-- REQUIRED WORK --
Please repeat each line below exactly, with no images in the copy.

-- COLLECTED MATERIAL --
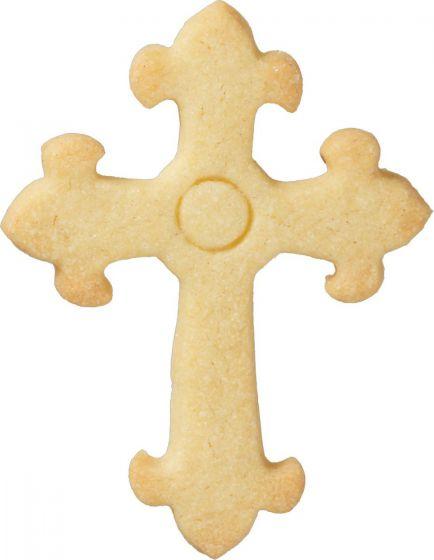 Cross Lily Ornate With Internal Detail 8cm Cookie Cutter-Cookie Cutter Shop Australia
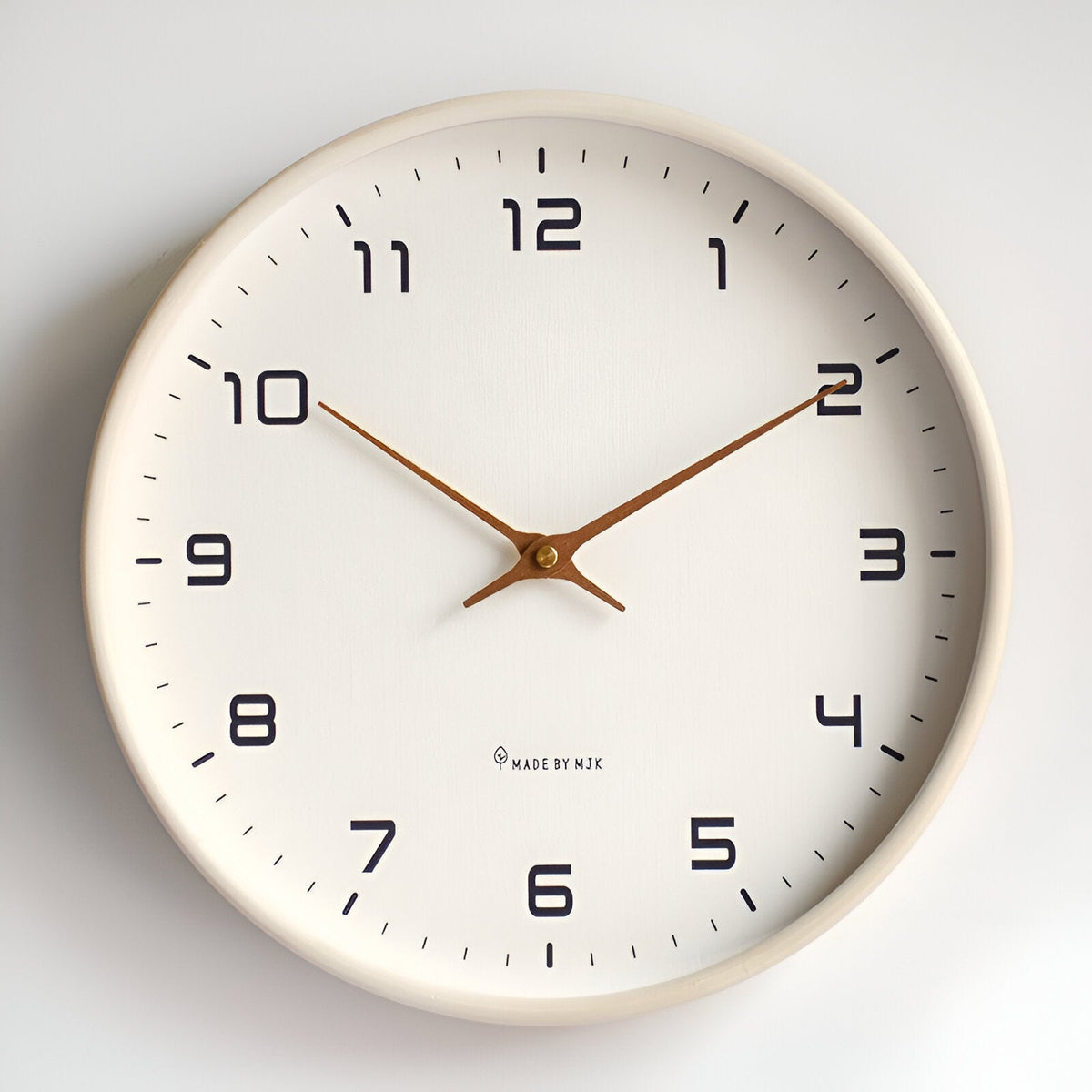 Wood Frame Wall Clock Silent Quartz 12 Inch Round White Dial Clean Numbers for Kitchen Living Room Bedroom Home Office Scandinavian Decor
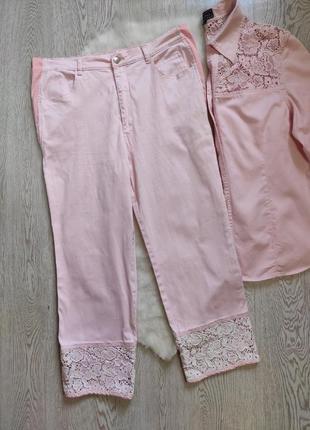 Розовые джинсы прямые широкие стрейч хлопок вышивкой высокая талия посадка батал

-- RESULT --
 Cross Lily Ornate With Internal Detail 8cm Cookie Cutter-Cookie Cutter Shop Australia
 Wood Frame Wall Clock Silent Quartz 12 Inch Round White Dial Clean Numbers for Kitchen Living Room Bedroom Home Office Scandinavian Decor
 Розовые джинсы прямые широкие стрейч хлопок вышивкой высокая талия посадка батал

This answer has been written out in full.